19年くらい前、(だいぶ前ですね。)ビューティフルライフというドラマがありました。しがない女子中学生だったわたしは毎週かかさず見てたんですね、ビューティフルライフ。その中で、どうしても印象に残るシーンがあって。物語中盤で、なにかいさかいが起こり、解決に向かい、キムタクが常盤貴子の車椅子を足でクルッとまわして正面から抱きしめて、抱きしめられた常盤貴子が「ねえ柊二、こんなに抱き合っていてもどんなことを考えているのかわからないし、どんな顔をしているのか見えないね。」みたいなことを言う場面です(うろ覚えですが)。そのセリフをテレビの前で聞いていて、妙に納得してしまって。たしかに、抱き合うだけでは何もわからないし、物理的に顔、見えないな。って。常盤貴子、冷静だなって。
そのとき以来、抱きしめるという行為になんとなくコミュニケーションとして不足を感じてしまい、疑念を抱くようになりました。そして最近になって、ふと、クリンチっていう言葉を知ったんです。クリンチ。クリンチは、格闘技の技の名前で、相手に抱きつくことで、相手の動きを牽制することだそうです。いま戦っている敵と言えど、抱きしめられたらちょっと嬉しいじゃないですか。なのに牽制されちゃうなんて。
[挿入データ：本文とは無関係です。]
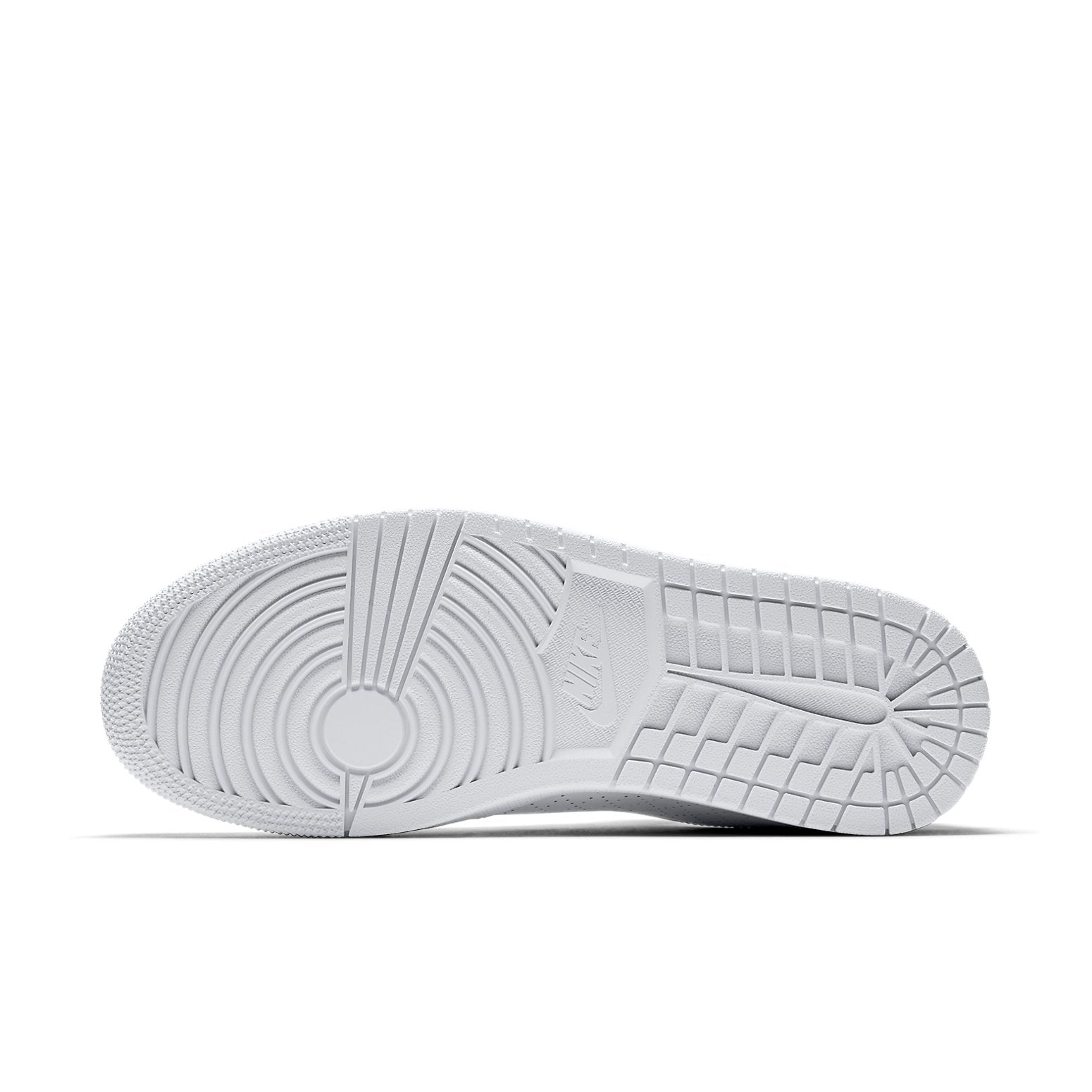 Air Jordan 1 Flight 5 Low 'White' 888264-100
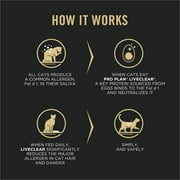Purina Pro Plan LiveClear Cat Allergen Reducing Adult Dry Cat Food With Salmon and Rice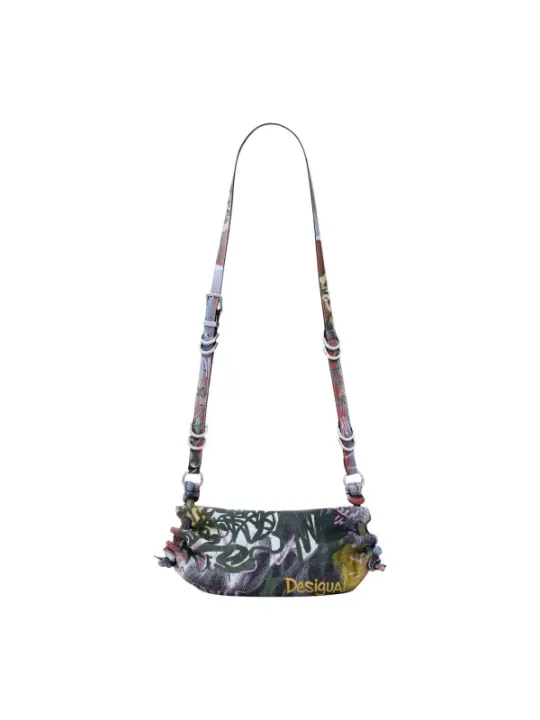 Desigual Damen Tasche Rosa | online kaufen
わたしは、クリンチという言葉から、いつの日かの常盤貴子の姿を思いました。
恋人にせよ家族にせよ、対象を抱きしめることは、それをどんなに愛情を持っておこなったとしても、短い時間ですが相手の動きをすっかりとめてしまうことでもあって。求め合いながらも牽制しあっているのかな人間は、とか思うと愛情の表現っていうのはなんか、ややこしいですよね。